Grad:data ratio gives us an intuition of what is the scale of the gradient compared to the actual values. This is important because we will be taking a step update of the form w = w - lr * grad. If the gradient is too large compared to the actual values, we will be overshooting the minimum. If the gradient is too small compared to the actual values, we will be taking too many steps to reach the minimum.

The std of the gradient is a measure of how much the gradient changes across the weights. If the std for a layer is too different from the std of the other layers, this will be an issue because this layer will be learning at a different rate than the other layers.

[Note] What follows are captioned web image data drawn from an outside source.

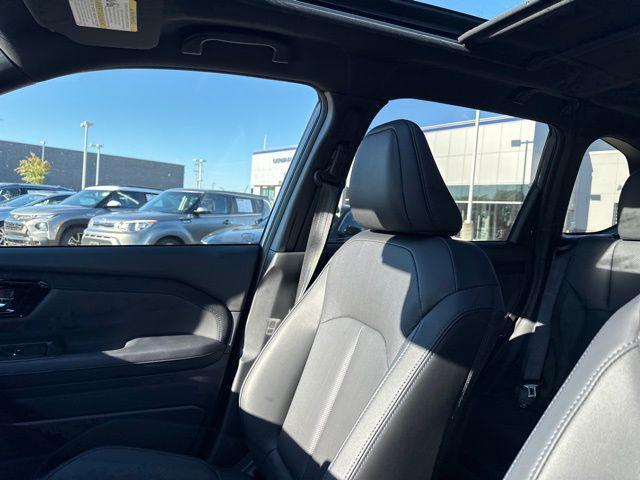Photo of 2025 Magnetite Gray Metallic Subaru Forester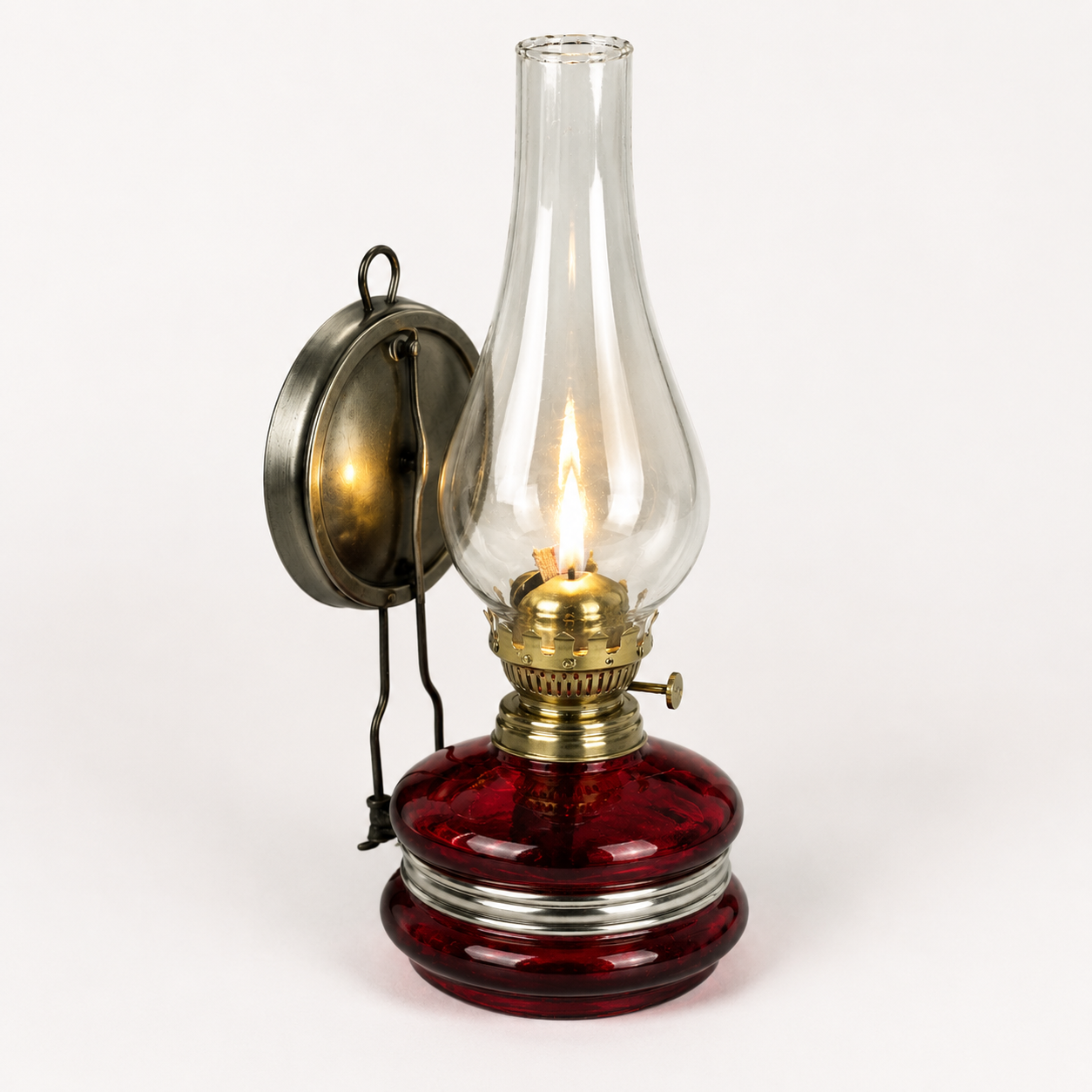 Lampe à huile murale RetroTime verre rouge allumée, brûleur doré, cheminée verre transparent, support métallique, fond blanc – SQES Ariana Menzah 8 Tunisie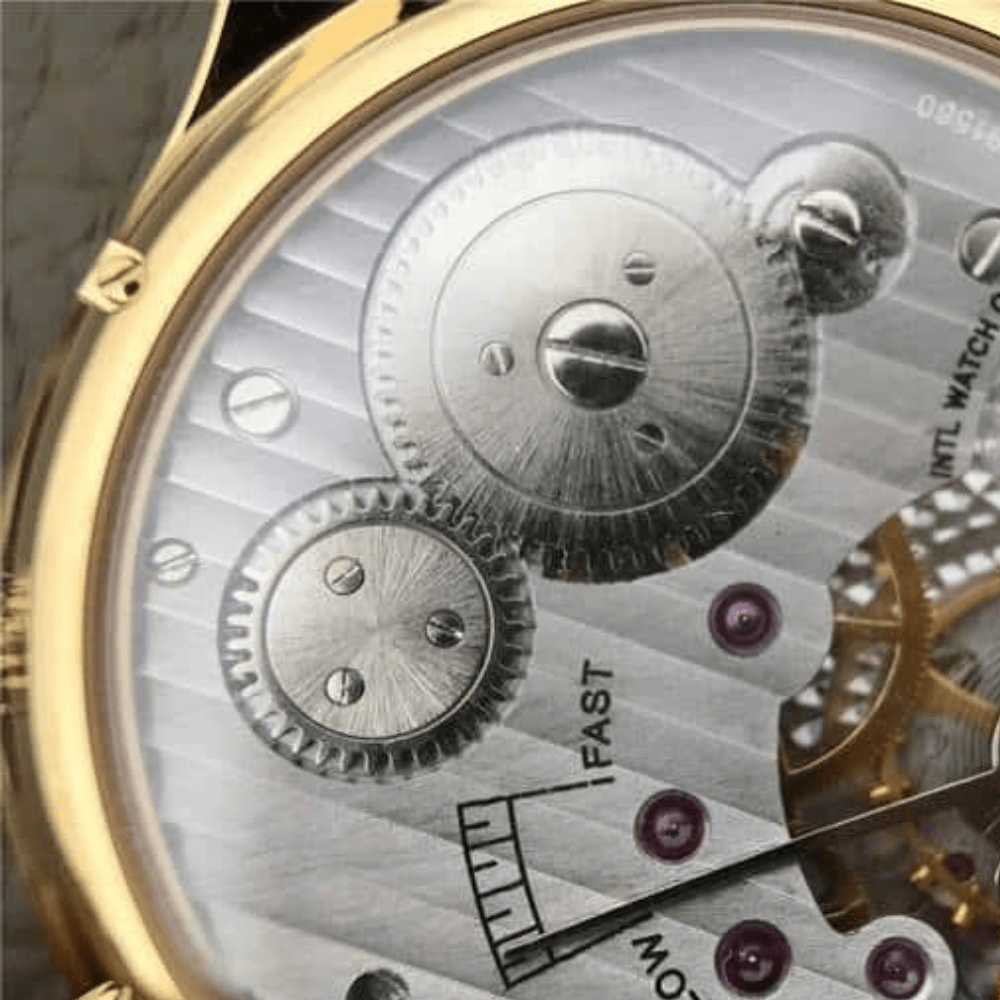 IWC 포르투기저 존스 소드 골드 화이트 다이얼 레더 스트랩 44mm IW545408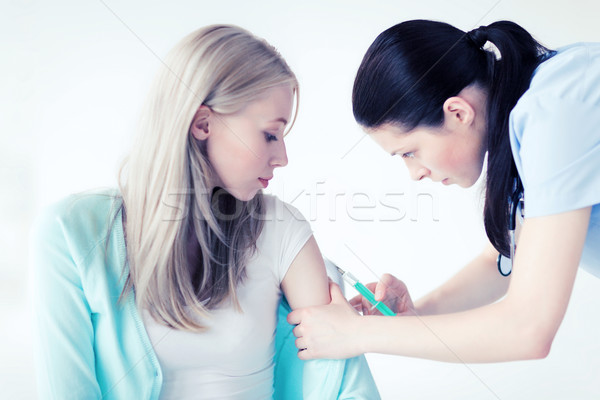 Doktor aşı hasta sağlık tıbbi kız Stok fotoğraf © dolgachov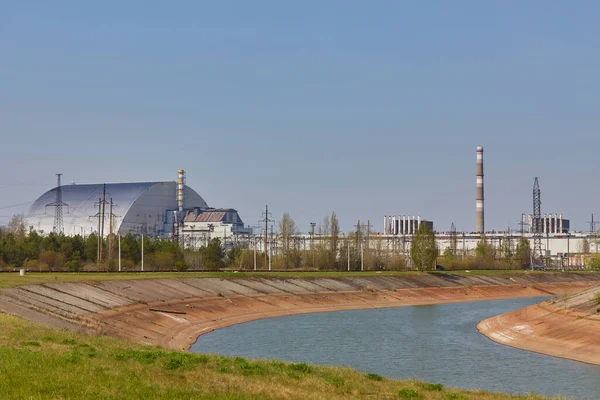 Kernreaktoren Des Tschernobyl Kraftwerks Fluss Pripjat Explodierter Reaktor Mit Sarkophag — Stockfoto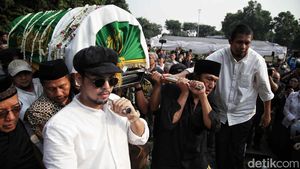 Momen Sedih Saat Jenazah Marissa Haque Dimakamkan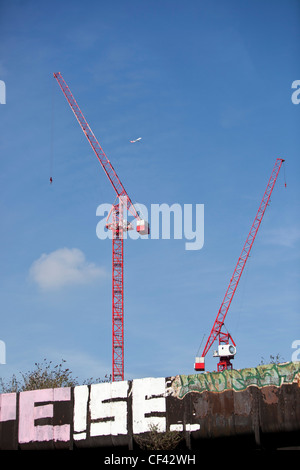 Große Baukräne gegen den Himmel, London, England, Großbritannien. Stockfoto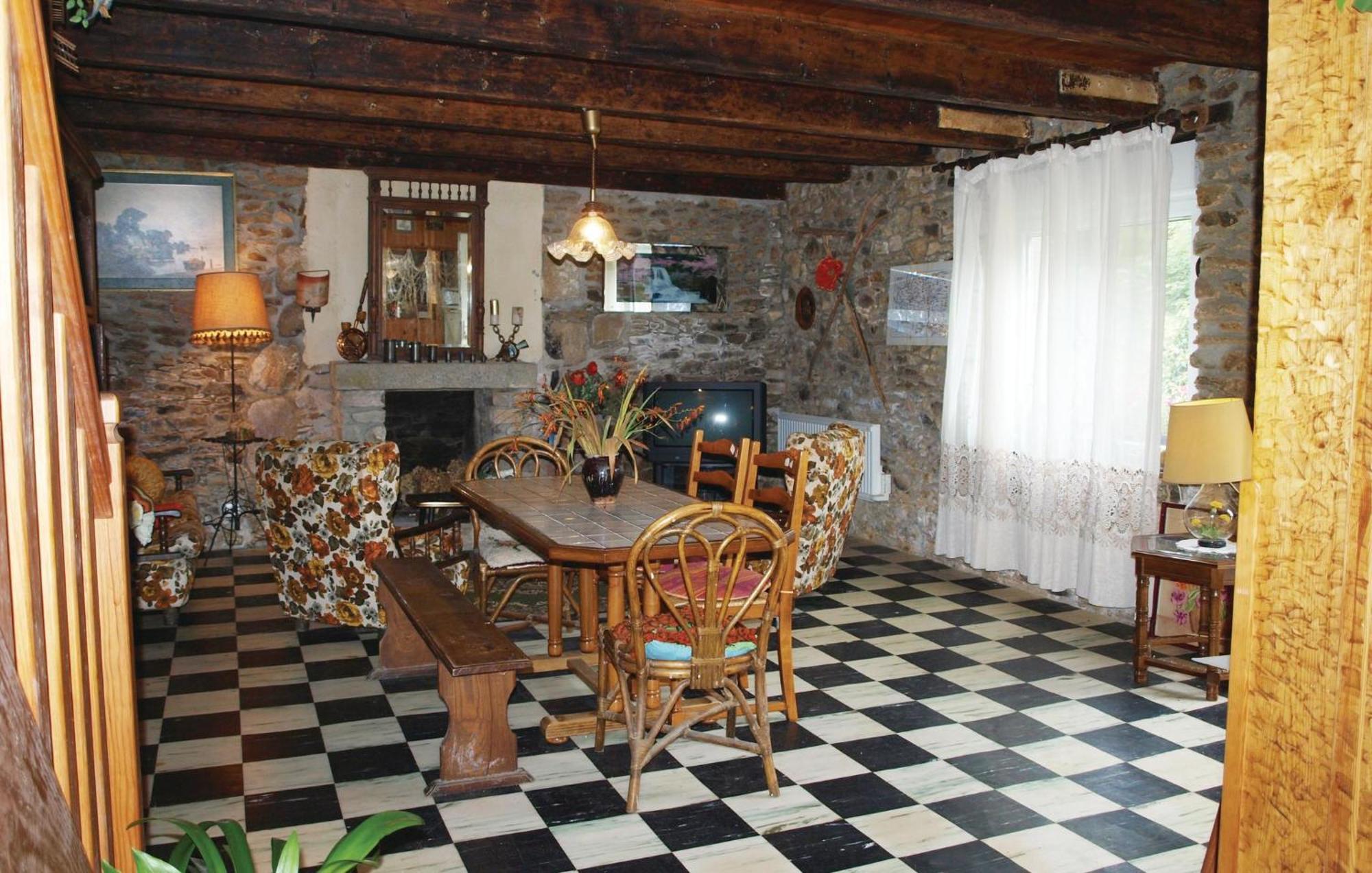 Lovely Home In Le Faouet With Kitchen Luaran gambar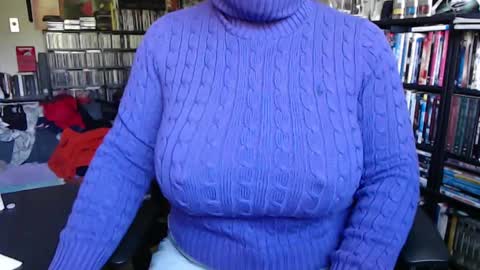 Snapshot of aspen_vale chatting on September 2025 01:32:01 PM Aspen Vale online show from September 2025 01:32:01 PM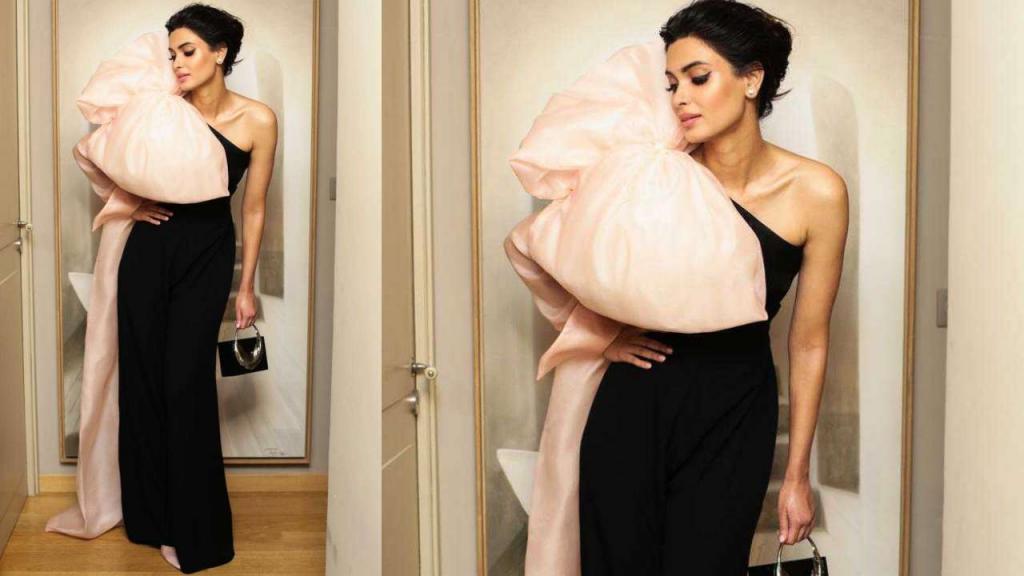 Blackstrawberry loves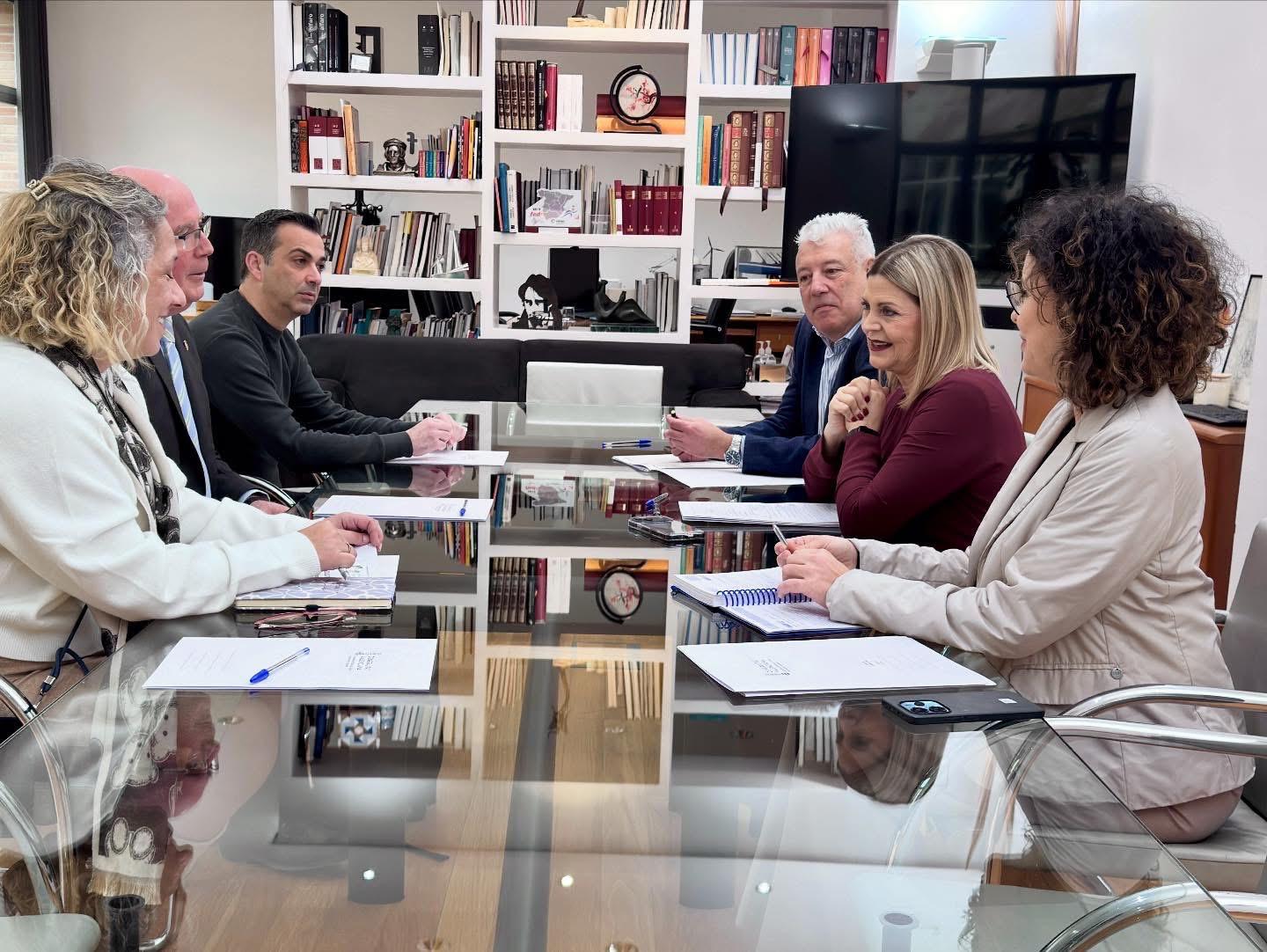 COVAPA traslada a la Consellera de Educación las principales demandas e inquietudes de las familias con el sistema educativo COVAPA traslada a la Consellera de Educación las principales demandas e inquietudes de las familias con el sistema educativo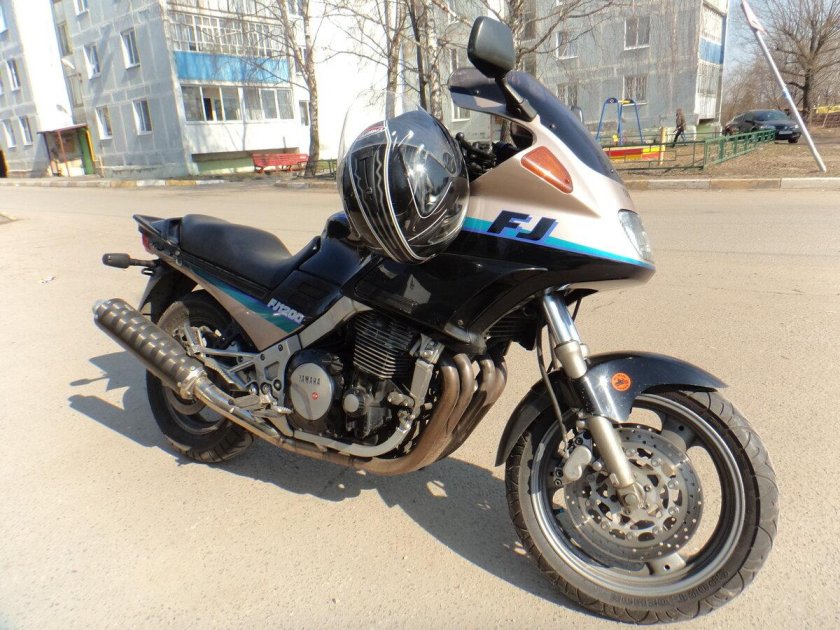 Yamaha fj1200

This is for initialization phase. If we let the network train for a while, it will fix this issue itself. Nevertheless, this is an issue especially if we are using a simple optimizer like SGD. If we are using an optimizer like Adam, this issue will be fixed automatically.

Here are examples;

 1 2 3 4 5 6 7  weights torch.Size([33, 10]) - mean +0.000207 - std 3.741454e-03 - grad:data ratio 3.559389e-03 weights torch.Size([50, 100]) - mean +0.000027 - std 2.011833e-03 - grad:data ratio 4.706446e-03 weights torch.Size([100, 100]) - mean -0.000008 - std 1.438244e-03 - grad:data ratio 4.848074e-03 weights torch.Size([100, 100]) - mean -0.000005 - std 9.275978e-04 - grad:data ratio 3.078747e-03 weights torch.Size([100, 100]) - mean -0.000007 - std 7.061330e-04 - grad:data ratio 2.373874e-03 weights torch.Size([100, 100]) - mean -0.000000 - std 5.087151e-04 - grad:data ratio 1.693161e-03 weights torch.Size([100, 33]) - mean +0.000000 - std 2.043289e-02 - grad:data ratio 2.027916e+00 

We can see that the ratio of the last layer is way too large, as well as its standard deviation. Which is why the pink line on the graph is too wide.

### Update Ratio#

We calculate the update std’s ratio with real value, and this gives us a measure for learning rate. Roughly the layers are all should be around -3

The formula is for each epoch: [(lr * p.grad.std() / p.data.std()).log().item() for p in params].